Late last year, IRF commissioned a habitat assessment to evaluate potential translocation sites in Java.  This assessment recommended the creation of a 4,000 hectare Javan Rhino Study and Conservation Area inside the Gunung Honje area (adjacent to Ujung Kulon) with intensified active management. The current Javan rhino population ranges in an area just next to Gunung Honje, and individual animals occasionally wander into Gunung Honje already.  If we can make the Gunung Honje area more suitable for Javan rhinos (by planting more of the rhinos’ favorite foods, increasing the availability of wallows and water, creating rhino access paths, and providing necessary protection), the rhino population should then expand into Gunung Honje.
 
Our team on the ground is already beginning construction to improve this habitat and make it suitable for rhinos. One of the first activities will be to clear enough land to construct an electric fence around the borders of the Gunung Honje conservation and study area. (A small, sample piece of electric fence was already erected during the official ceremony for the launch of the conservation and study area -- see photo above.)  The electric fence will help prevent contact between Javan rhinos and cattle from surrounding villages. (Domestic livestock often graze near or even in the park, and can possibly transit diseases that could decimate the rhino population.) The fence (see design below) will also keep the rhinos who have moved in Gunung Honje in the area, making it easier for our biologists and veterinarians to study them.
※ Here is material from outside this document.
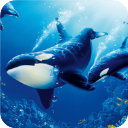 虎鲸模拟器(The Killer Whale)中文版v1.1.8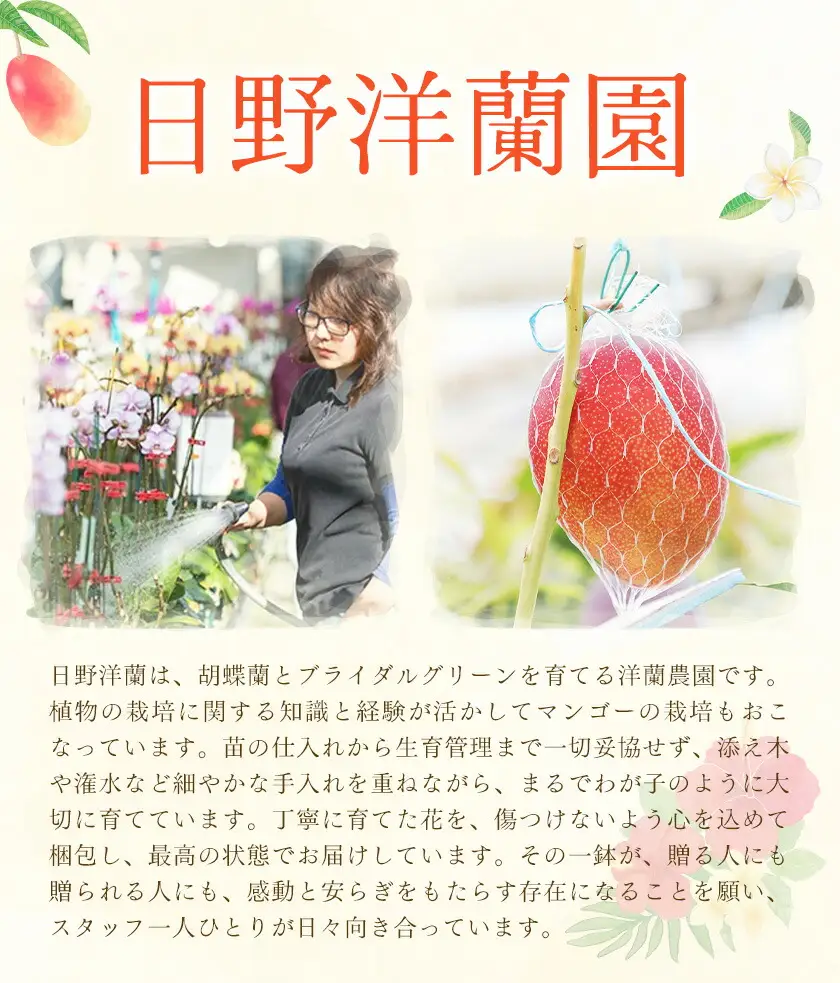 ミディ 胡蝶蘭切花 MIX 5本セット 株式会社日野洋蘭園《30日以内に出荷予定(土日祝除く)》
Because Javan rhinos are so rare and elusive, we currently know very little about their basic biology, when hampers our ability to protect them. For instance, we don’t even know the age or gender break-down of the current population. In order to successfully translocate rhinos and establish a second population at a second site (our ultimate long-term goal), we need to learn much more about the biology of the species and its habitat requirements.